We have developed an English pronunciation learning system which estimates the intelligibility of
Japanese learners' speech and ranks their errors from the viewpoint of improving their intelligibility
to native speakers. Error diagnosis is particularly important in self-study since students tend to
spend time on aspects of pronunciation that do not noticeably affect intelligibility. As a preliminary
experiment, the speech of seven Japanese students was scored from 1 (hardly intelligible) to 5 (perfectly
intelligible) by a linguistic expert. We also computed their error rates for each skill. We found
that each intelligibility level is characterized by its distribution of error rates. Thus, we modeled
each intelligibility level in accordance with its error rate. Error priority was calculated by comparing
students' error rate distributions with that of the corresponding model for each intelligibility
level. As non-native speech is acoustically broader than the speech of native speakers, we developed
an acoustic model to perform automatic error detection using speech data obtained from Japanese
students. As for supra-segmental error detection, we categorized errors frequently made by Japanese
students and developed a separate acoustic model for that type of error detection.

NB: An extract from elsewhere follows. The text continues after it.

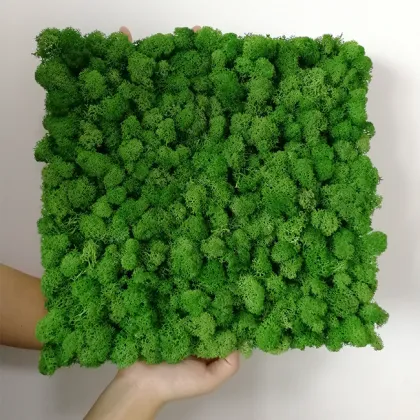 Real Iceland Moss Wholesale Moss Plate 30x30cm for Moss Art Panels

Pronunciation
learning using this system involves two phases. In the first phase, students experience virtual conversation
through video clips. They receive an error profile based on pronunciation errors detected
during the conversation. Using the profile, students are able to grasp characteristic tendencies in
their pronunciation errors which in effect lower their intelligibility. In the second phase, students
practise correcting their individual errors using words and short phrases. They then receive information
regarding the errors detected during this round of practice and instructions for correcting the
errors. We have begun using this system in a CALL class at Kyoto University. We have evaluated
system performance through the use of questionnaires and analysis of speech data logged in the
server, and will present our findings in this paper.